[Collected data]
####

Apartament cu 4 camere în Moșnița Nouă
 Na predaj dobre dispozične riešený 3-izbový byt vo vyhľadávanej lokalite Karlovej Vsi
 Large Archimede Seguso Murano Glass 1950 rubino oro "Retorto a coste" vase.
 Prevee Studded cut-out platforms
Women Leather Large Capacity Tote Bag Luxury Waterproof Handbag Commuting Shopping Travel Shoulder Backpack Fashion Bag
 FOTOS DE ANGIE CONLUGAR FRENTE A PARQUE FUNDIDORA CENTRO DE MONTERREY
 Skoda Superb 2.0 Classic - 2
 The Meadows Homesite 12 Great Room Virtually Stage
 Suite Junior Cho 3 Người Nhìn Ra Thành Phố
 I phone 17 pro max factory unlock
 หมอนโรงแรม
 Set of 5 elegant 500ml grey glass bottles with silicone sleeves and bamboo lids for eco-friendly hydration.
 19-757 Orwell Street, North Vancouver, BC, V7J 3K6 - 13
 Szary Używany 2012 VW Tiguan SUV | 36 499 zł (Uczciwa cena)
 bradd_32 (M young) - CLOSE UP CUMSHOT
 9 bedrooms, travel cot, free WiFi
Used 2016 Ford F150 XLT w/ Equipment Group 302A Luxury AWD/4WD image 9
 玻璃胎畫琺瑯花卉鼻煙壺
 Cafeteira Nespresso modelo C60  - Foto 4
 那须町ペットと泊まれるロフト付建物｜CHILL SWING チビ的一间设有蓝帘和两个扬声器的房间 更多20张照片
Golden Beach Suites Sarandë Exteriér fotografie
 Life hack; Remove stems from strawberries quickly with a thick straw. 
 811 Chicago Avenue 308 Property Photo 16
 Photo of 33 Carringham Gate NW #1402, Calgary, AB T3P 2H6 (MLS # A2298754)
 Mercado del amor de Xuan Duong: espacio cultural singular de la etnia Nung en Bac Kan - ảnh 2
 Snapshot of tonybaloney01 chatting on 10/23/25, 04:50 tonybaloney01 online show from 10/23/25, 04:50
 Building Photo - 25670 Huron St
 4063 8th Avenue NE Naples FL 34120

####

WORK ITEM: Print, without alteration, only the lines above between the one holding "9 bedrooms, travel cot, free WiFi" and the one holding "811 Chicago Avenue 308 Property Photo 16", inclusive.

YOUR RESPONSE:
 9 bedrooms, travel cot, free WiFi
Used 2016 Ford F150 XLT w/ Equipment Group 302A Luxury AWD/4WD image 9
 玻璃胎畫琺瑯花卉鼻煙壺
 Cafeteira Nespresso modelo C60  - Foto 4
 那须町ペットと泊まれるロフト付建物｜CHILL SWING チビ的一间设有蓝帘和两个扬声器的房间 更多20张照片
Golden Beach Suites Sarandë Exteriér fotografie
 Life hack; Remove stems from strawberries quickly with a thick straw. 
 811 Chicago Avenue 308 Property Photo 16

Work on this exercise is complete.